Djohermansyah mengungkapkan selama ini memang sebagian kalangan parlemen menolak revisi UU ini. Ia menduga hal ini disebabkan kekhawatiran mereka akan kehilangan posisi jika dilakukan revisi.

Menteri Dalam Negeri Gamawan Fauzi menambahkan, selama ini tata kelola daerah masih buruk karena besarnya kepentingan politik. "Aparat daerah seharusnya tidak boleh terlibat politik praktis," katanya.

Ia mengungkapkan selama ini banyak dana daerah yang tersedot untuk kepentingan penguasa. Banyak pemerintah daerah yang mengalokasikan APBD lebih besar untuk belanja pegawai daripada untuk kepentingan lainnya.  "Seharusnya maksimal belanja aparatur 40% untuk pegawai, dan sisanya untuk infrastruktur dan pelayanan publik," ujar Djohermansyah. Selain itu UU Pemerintahan Daerah juga memiliki banyak kelemahan, salah satunya tidak adanya sanksi bagi pejabat yang melanggar ketentuan.

Untuk itu Djohermansyah mengatakan pihaknya akan mengajukan tiga usulan pemberian sanksi kepada pejabat yang dinilai nyleneh. Bentuk sanksi itu di antaranya memberi teguran, pemberhentian sementara, dan pemberhentian tetap. Saat ini, kata dia, selain Bupati Garut Aceng Fikri juga terdapat nama Bupati Karo yang sudah diusulkan oleh gubernur untuk pemberhentian tetap. Namun, dalam mekanismenya nanti tetap diadakan kesempatan pembelaan bagi mereka yang merasa telah melaksanakan peraturan namun dituduh melanggar. "Tetap harus fair," katanya.

Revisi yang sudah memasuki masa sidang ke sepuluh ini juga akan memasukkan sistem pemilihan untuk pejabat eksekutif menjadi tunggal hanya gubernur, bupati dan walikota tanpa menyertakan wakilnya. "Cukup gubernur, bupati, dan walikota saja yang langsung," papar Gamawan. Mendagri menuturkan banyaknya korban meninggal selama pilkada langsung berjalan dan berubahnya tatanan sistem sosial di beberapa daerah lah yang membuatnya memasukkan revisi tersebut. "Ubah pilkada wakil kepala daerah langsung menjadi tak langsung. Cukup gubernur, bupati, dan walikota saja yang langsung," ujar Gamawan.  Sementara wakil dari gubernur, bupati, dan walikota ditunjuk oleh kepala daerah terpilih melalui permintaan kepada pemerintah pusat.

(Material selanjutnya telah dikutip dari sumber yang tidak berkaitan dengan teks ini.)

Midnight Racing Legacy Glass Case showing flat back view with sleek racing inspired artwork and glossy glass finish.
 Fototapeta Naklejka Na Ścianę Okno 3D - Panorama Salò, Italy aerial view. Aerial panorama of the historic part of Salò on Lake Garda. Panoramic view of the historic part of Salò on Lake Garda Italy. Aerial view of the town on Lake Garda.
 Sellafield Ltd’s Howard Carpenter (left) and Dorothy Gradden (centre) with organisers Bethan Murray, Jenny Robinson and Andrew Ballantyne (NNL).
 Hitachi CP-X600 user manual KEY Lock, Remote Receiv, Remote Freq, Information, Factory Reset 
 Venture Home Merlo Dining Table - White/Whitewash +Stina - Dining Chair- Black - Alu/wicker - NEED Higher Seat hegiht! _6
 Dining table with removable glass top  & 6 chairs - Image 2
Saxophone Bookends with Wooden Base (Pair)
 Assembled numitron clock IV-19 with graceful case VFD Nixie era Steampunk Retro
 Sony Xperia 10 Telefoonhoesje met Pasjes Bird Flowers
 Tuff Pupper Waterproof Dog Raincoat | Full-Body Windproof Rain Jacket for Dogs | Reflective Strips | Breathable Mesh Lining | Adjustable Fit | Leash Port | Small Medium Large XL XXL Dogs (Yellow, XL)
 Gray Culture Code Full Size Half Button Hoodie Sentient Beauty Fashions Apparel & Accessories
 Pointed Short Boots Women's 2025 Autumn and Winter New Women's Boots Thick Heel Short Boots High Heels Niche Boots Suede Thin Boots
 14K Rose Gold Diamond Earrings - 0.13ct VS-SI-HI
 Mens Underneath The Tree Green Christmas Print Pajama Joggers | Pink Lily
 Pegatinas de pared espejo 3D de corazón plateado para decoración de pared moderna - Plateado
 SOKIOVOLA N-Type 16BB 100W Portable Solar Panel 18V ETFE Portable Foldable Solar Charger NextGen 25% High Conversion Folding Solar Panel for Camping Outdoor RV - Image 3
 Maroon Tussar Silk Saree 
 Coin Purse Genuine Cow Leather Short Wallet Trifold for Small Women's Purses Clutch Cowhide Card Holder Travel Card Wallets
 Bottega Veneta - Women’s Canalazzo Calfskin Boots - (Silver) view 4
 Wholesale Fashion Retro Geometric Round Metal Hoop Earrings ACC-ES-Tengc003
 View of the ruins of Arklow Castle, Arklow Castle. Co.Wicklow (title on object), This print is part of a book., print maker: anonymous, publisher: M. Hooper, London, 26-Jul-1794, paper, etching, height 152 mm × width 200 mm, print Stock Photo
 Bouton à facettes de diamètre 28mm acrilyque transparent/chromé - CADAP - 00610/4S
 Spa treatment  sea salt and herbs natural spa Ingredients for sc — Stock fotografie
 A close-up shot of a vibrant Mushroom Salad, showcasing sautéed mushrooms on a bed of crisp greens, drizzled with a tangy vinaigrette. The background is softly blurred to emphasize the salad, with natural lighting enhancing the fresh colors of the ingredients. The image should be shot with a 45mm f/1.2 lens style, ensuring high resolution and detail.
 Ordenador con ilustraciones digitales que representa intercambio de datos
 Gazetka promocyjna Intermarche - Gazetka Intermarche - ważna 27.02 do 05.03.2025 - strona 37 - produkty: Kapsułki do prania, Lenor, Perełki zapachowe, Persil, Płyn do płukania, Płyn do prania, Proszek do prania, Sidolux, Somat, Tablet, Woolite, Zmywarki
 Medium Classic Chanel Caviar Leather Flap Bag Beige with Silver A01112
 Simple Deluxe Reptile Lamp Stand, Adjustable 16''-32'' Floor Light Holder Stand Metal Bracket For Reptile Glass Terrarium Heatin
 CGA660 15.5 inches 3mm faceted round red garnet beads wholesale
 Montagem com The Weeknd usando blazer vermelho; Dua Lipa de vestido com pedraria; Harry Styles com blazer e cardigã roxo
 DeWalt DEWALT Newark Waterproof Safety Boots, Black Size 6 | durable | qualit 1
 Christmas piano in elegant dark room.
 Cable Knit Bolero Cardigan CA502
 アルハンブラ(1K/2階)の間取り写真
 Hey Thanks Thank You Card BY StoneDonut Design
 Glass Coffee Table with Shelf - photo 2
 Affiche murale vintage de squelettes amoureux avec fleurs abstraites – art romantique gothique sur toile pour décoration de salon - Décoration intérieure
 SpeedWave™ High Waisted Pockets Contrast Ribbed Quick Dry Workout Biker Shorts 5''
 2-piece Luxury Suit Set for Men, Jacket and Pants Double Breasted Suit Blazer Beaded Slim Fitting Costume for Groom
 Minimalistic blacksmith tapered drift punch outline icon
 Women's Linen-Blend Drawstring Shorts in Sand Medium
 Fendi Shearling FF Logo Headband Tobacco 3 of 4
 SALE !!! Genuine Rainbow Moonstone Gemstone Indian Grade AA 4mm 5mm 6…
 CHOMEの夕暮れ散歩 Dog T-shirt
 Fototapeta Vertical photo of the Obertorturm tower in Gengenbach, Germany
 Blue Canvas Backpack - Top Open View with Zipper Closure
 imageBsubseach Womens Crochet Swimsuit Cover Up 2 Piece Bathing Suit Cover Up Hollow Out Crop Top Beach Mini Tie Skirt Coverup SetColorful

Gamawan menambahkan tidak semua daerah harus memiliki wakil, hanya daerah yang padat saja yang disertakan wakil.  Pada daerah yang padat tersebut, dapat ditunjuk wakil lebih dari satu untuk membantu. Mendagri menuturkan banyaknya korban meninggal selama pilkada langsung berjalan dan berubahnya tatanan sistem sosial di beberapa daerah lah yang mendorong  dimasukannya revisi tersebut.